● WHAT IS EXPECTED
A verbatim copy of the listing is needed; pictures are to be left out.

● PROVIDED INFORMATION
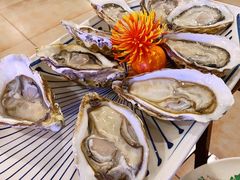 -尚竹阁冬瓜盅·18年地标美食(平洲店)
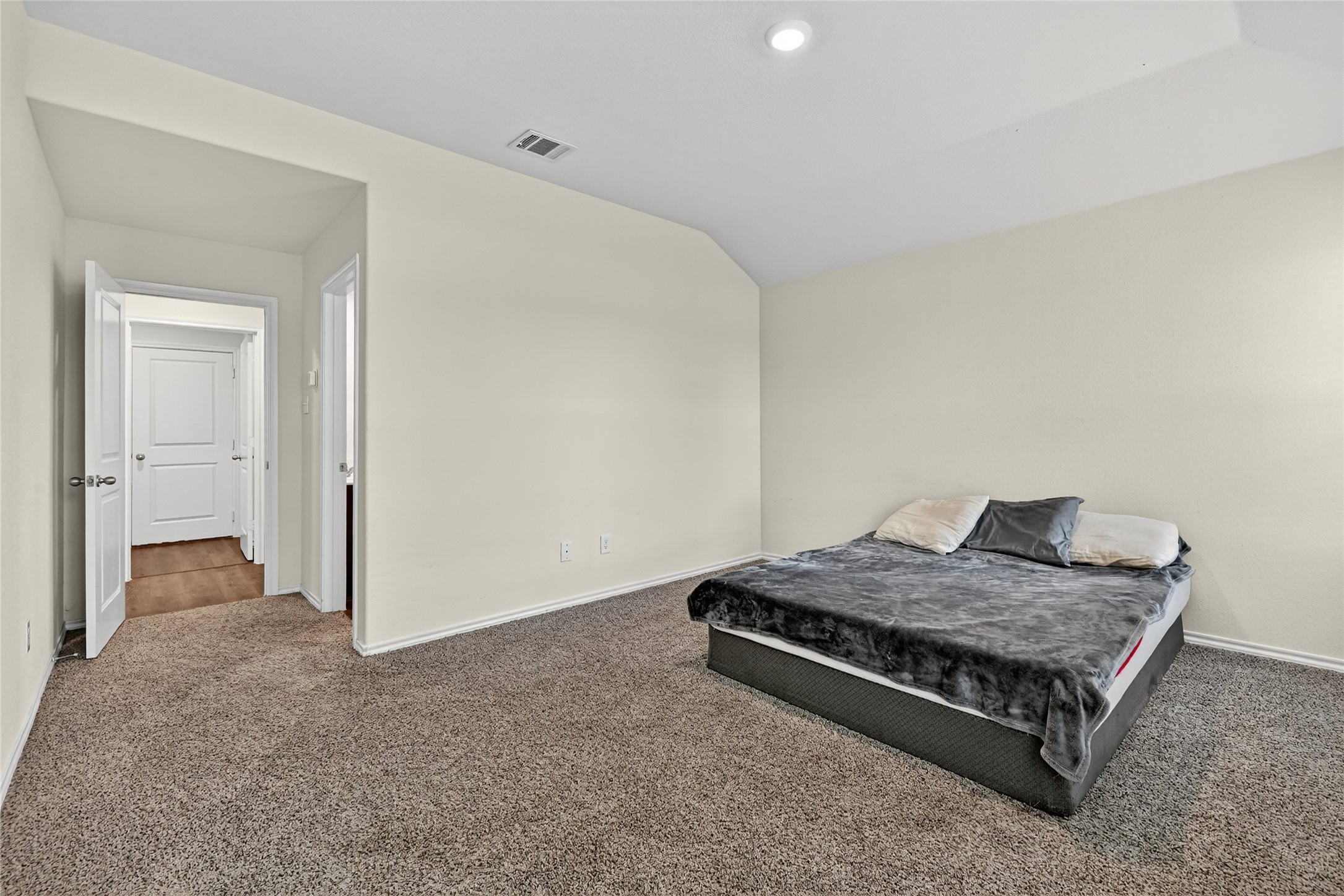 414 Goliad Street Sherman TX 75090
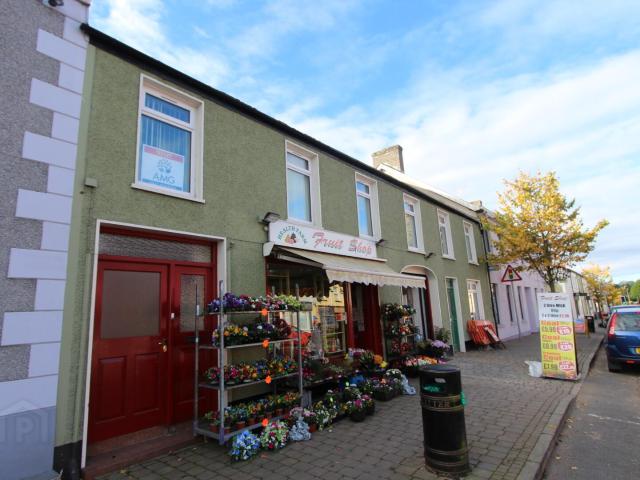 Apartment for rent in Castledawson, Northern Ireland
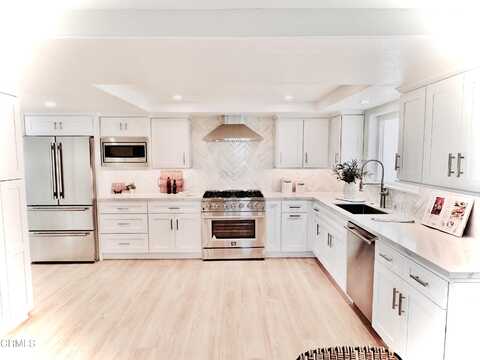 2517 Panama Drive, Oxnard, CA 93035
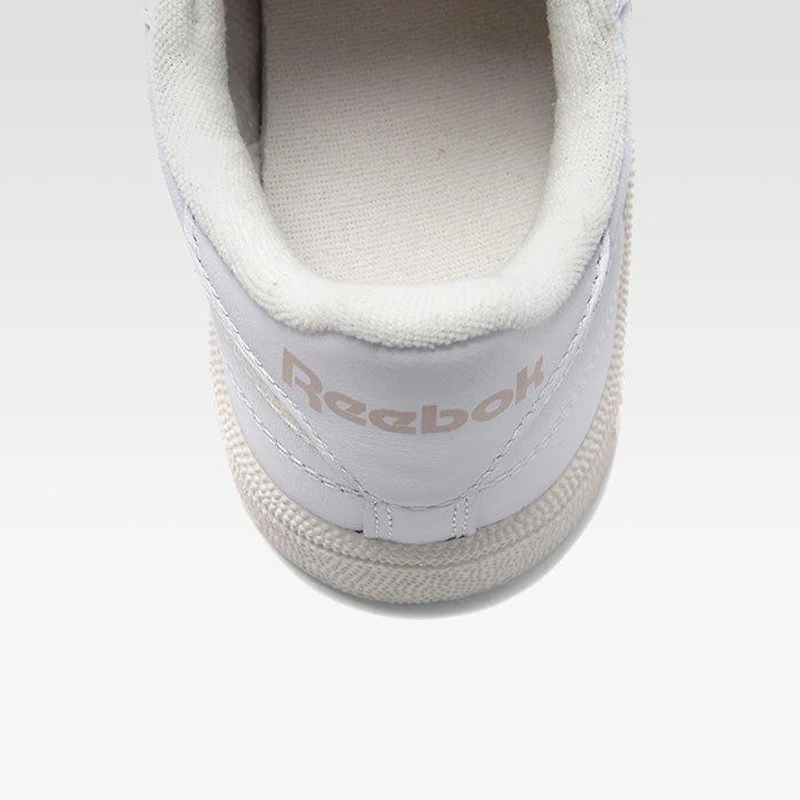 Women's Club C 85 Shoe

● REPLY
 -尚竹阁冬瓜盅·18年地标美食(平洲店)
 414 Goliad Street Sherman TX 75090
 Apartment for rent in Castledawson, Northern Ireland
 2517 Panama Drive, Oxnard, CA 93035
 Women's Club C 85 Shoe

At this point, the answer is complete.